As a reader, what I want are stories that can hook me, characters that can fascinate me and worlds that I can fall in love with- I keep saying here in Mythic Scribes that our real job as Fantasy writers is to take our readers out of the real world and plunge them deep into our own worlds, and stop to worry so much about having a perfect language, realistic world-building and other things that are sometimes given too much attention.

The Hunger Games is doing that job wonderfully for me, at least so far =)
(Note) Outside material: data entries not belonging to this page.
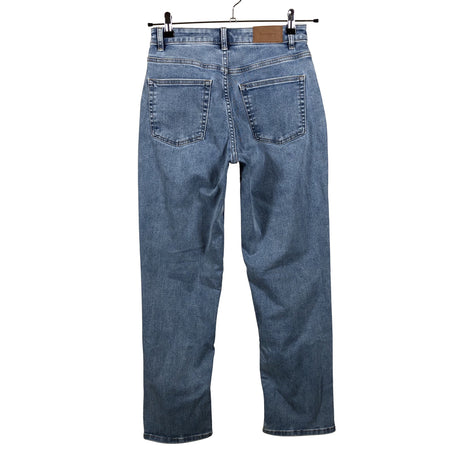 Unisex Ninepine - Teksad, suurus 38 - Helesinine (2)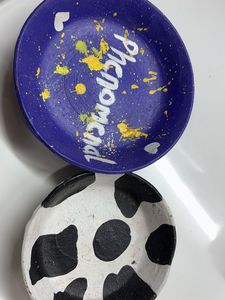 Clay Trays For Storage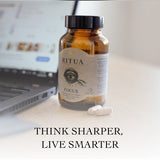 Ritua Focus supplement lifestyle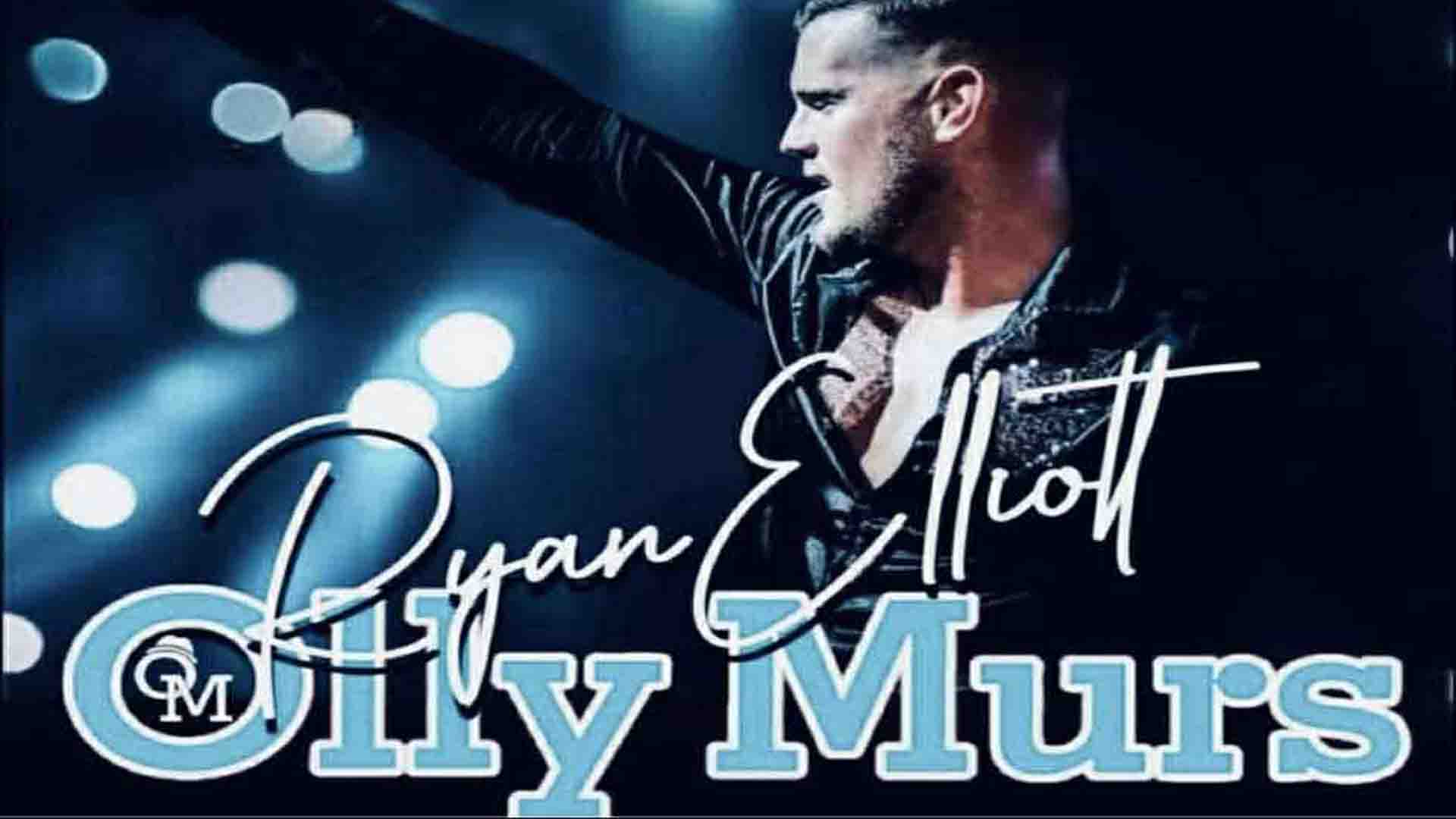 Olly Murs Tribute Night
Something funny: In _The Neverending Story_ there is a part when Bastian is forced to stop reading the freaking book and leave his place of hiding because, well... he must go to the bathroom!! Then, he starts to consider that such biological needs are never mentioned in all the adventure books that he reads, that the characters are never said to do you-know-what in the stories.

So far, Katniss has already spent many days at the forests and she has never said: "I really needed to hide between the bushes and do you know what!!"


----------



## Sheilawisz (Jun 13, 2012)

I am ready to start reading chapter 22 now, this book is so addictive! XD!!

The Hunger Games could be classified as a futuristic Science Fiction book, but from my point of view, it has plenty of Fantasy elements in it because the author is describing another world that is different in so many ways to the world where we live... I am really transported to this other world when I read the story, so for me it's kind of a Fantasy story.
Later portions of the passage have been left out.